**Provided data**
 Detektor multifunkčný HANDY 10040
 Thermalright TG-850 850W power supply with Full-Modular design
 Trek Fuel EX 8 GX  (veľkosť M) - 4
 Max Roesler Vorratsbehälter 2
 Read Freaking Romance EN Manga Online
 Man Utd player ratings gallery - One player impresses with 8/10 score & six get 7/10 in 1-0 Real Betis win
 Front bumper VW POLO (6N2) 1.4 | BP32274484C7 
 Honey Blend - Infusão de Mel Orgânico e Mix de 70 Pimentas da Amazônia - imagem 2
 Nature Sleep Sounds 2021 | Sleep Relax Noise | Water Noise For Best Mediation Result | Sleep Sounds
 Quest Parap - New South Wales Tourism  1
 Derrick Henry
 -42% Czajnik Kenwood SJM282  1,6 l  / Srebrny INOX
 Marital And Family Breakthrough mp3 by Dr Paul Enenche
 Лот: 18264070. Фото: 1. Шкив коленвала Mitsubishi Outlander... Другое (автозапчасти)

* * *

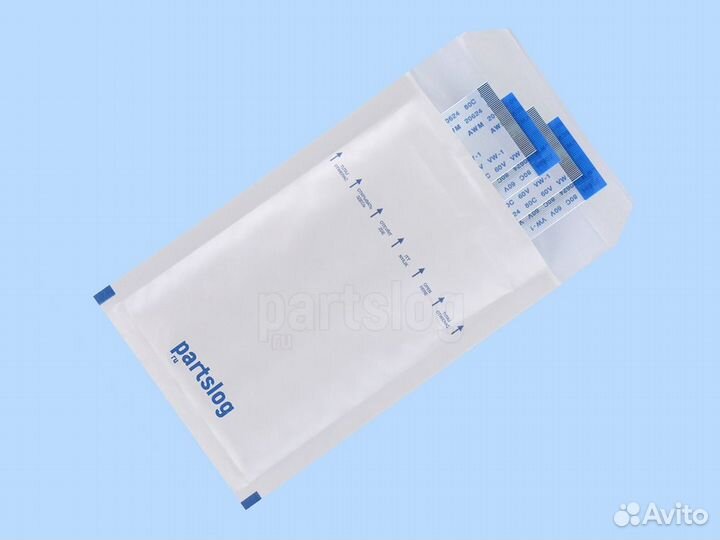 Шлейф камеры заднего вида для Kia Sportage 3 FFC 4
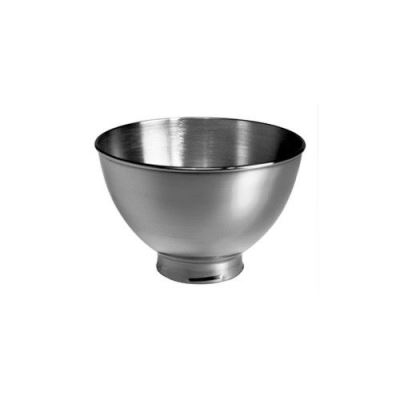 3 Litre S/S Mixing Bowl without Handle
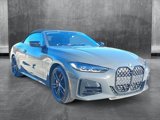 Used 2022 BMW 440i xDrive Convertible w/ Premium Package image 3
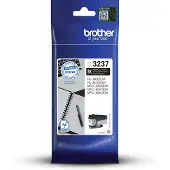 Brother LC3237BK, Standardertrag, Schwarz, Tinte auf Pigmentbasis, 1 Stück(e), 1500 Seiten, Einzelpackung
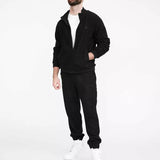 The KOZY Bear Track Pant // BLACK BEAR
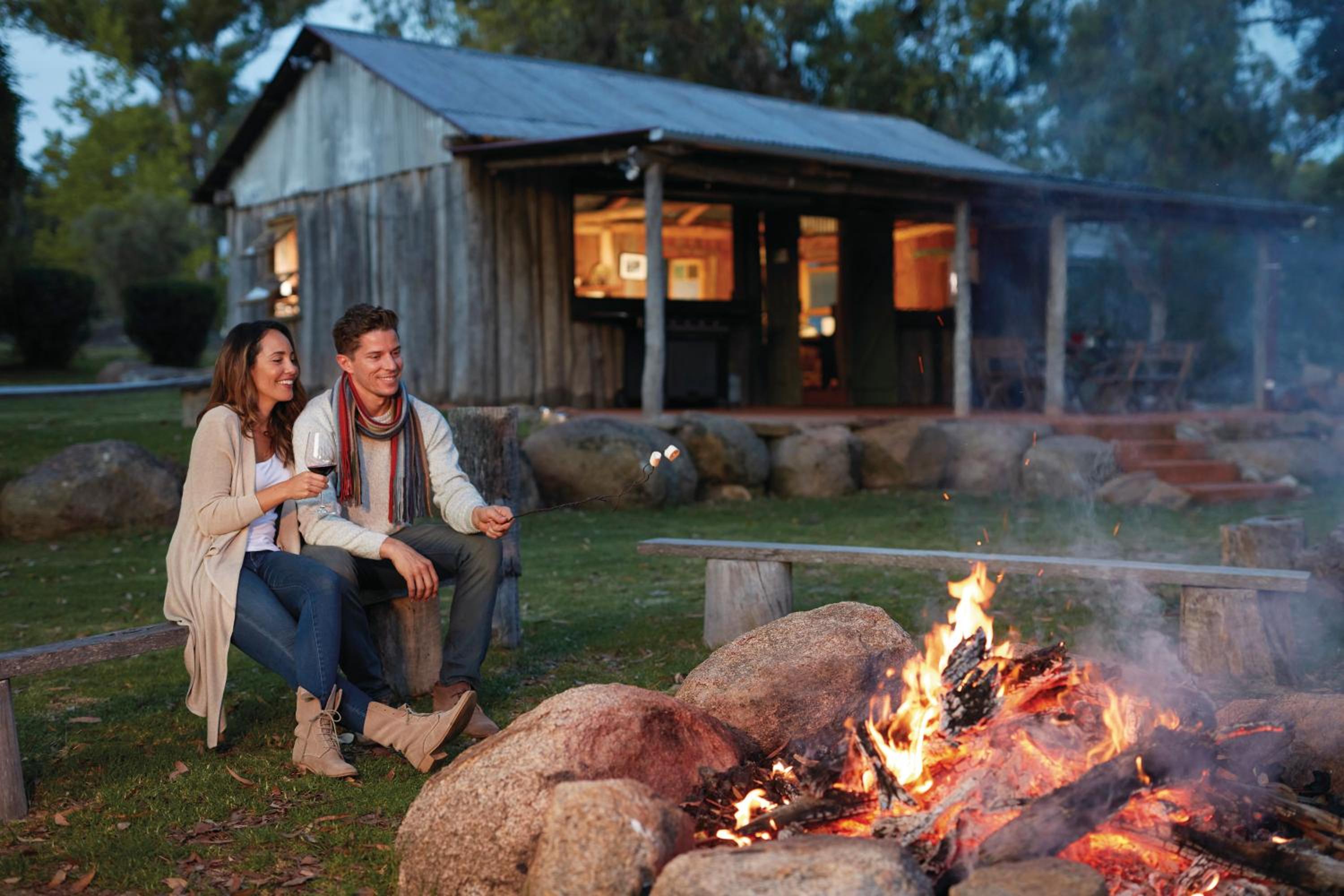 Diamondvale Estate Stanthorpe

**Instructions for the task**
Send back exactly the lines of the listing above starting at the one with "Front bumper VW" and ending at the one with "Лот: 18264070. Фото: 1.", inclusive, and no others.

**Response**
 Front bumper VW POLO (6N2) 1.4 | BP32274484C7 
 Honey Blend - Infusão de Mel Orgânico e Mix de 70 Pimentas da Amazônia - imagem 2
 Nature Sleep Sounds 2021 | Sleep Relax Noise | Water Noise For Best Mediation Result | Sleep Sounds
 Quest Parap - New South Wales Tourism  1
 Derrick Henry
 -42% Czajnik Kenwood SJM282  1,6 l  / Srebrny INOX
 Marital And Family Breakthrough mp3 by Dr Paul Enenche
 Лот: 18264070. Фото: 1. Шкив коленвала Mitsubishi Outlander... Другое (автозапчасти)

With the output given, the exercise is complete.